Germans losing patience with Greece, most want it out of euro: poll

A man walks past a shop in Thessaloniki on June 2, 2015, in Greece, where fears are mounting of the country defaulting on its debts, which could force it out of the eurozone (AFP Photo/Sakis Mitrolidis)
Germans are losing patience with Greece after the protracted debate over its debt crisis and more than half want it to leave the euro zone, according to an opinion poll by ZDF television published on Friday.
The Politbarometer poll showed a sharp swing against Athens in recent months – a similar ZDF survey in January found just a third of Germans wanted Greece to leave and 55 percent to stay.
Friday\’s poll found 51 percent of Germans wanted Greece to leave the single currency, and 70 percent were opposed to any further concessions toward Athens by the European Union.
Chancellor Angela Merkel urged Greece and its creditors on Friday to keep pushing for a cash-for-reforms deal after negotiations hit stalemate, while Athens refused to back down and accused the IMF of using pressure tactics.

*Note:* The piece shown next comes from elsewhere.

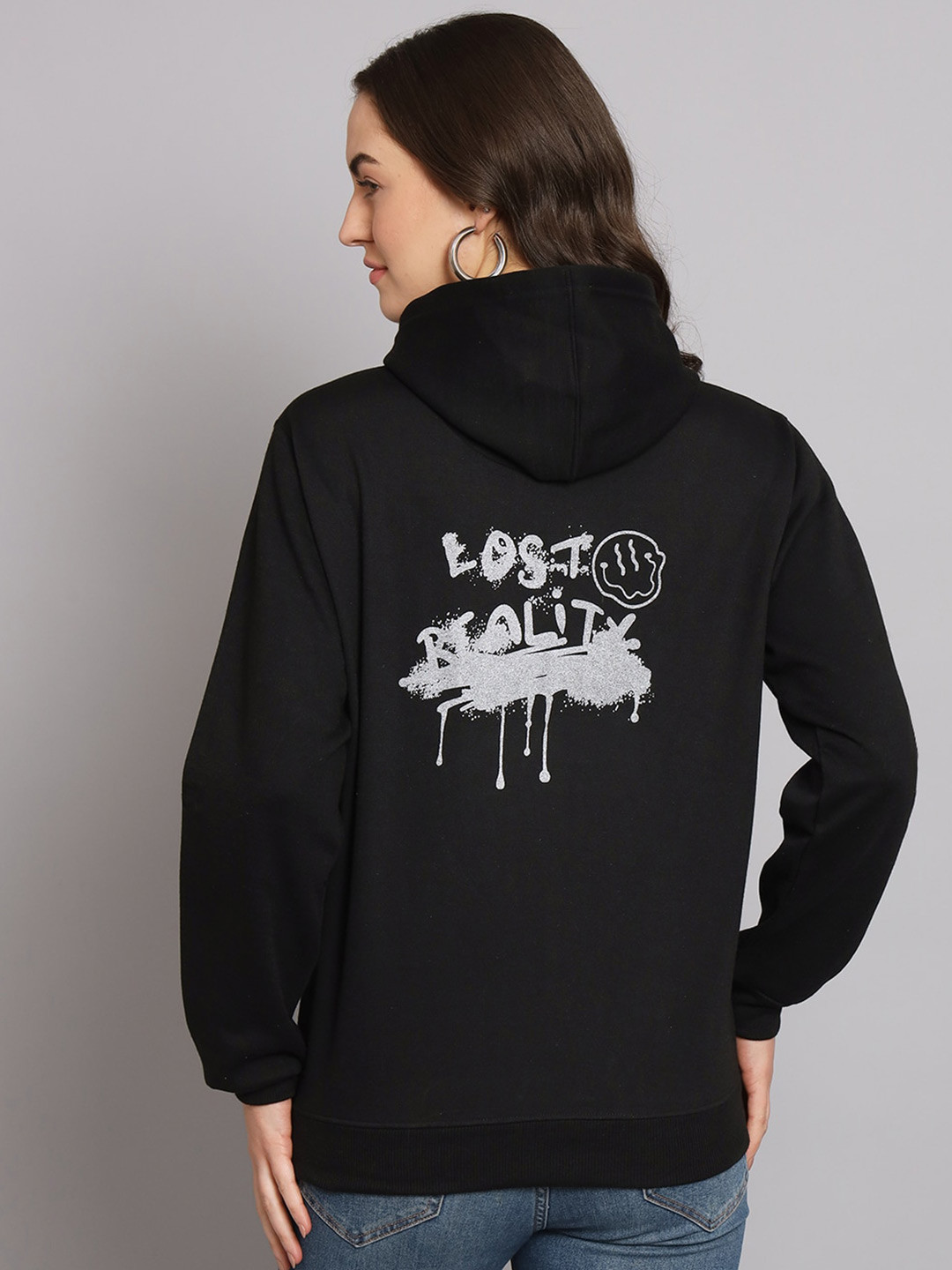 

Obaan Graphic Printed Hooded Cotton Pullover, Black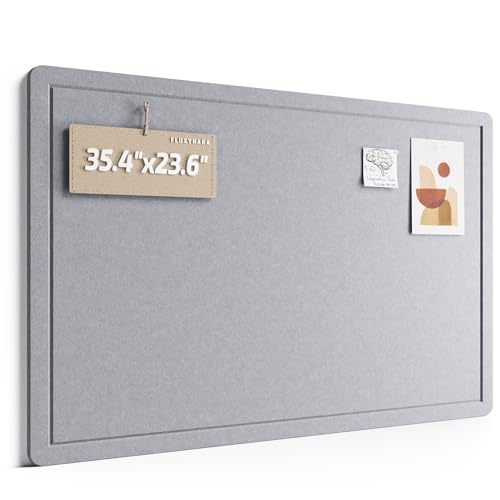 Fluxynara Felt Bulletin Board,35.4"x23.6", Soft Gray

Separately, a leader of the radical Left party in Germany that has long defended efforts to rescue Greece, said an orderly euro zone exit would make sense provided the European Central Bank (ECB) took steps to ensure that the new Greek currency "doesn\’t collapse into the ground."
Sahra Wagenknecht added that one conceivable plan would be to re-introduce Greece\’s old currency, the drachma, but make sure the ECB continues to support it "so that it isn\’t devalued more than about 30 percent."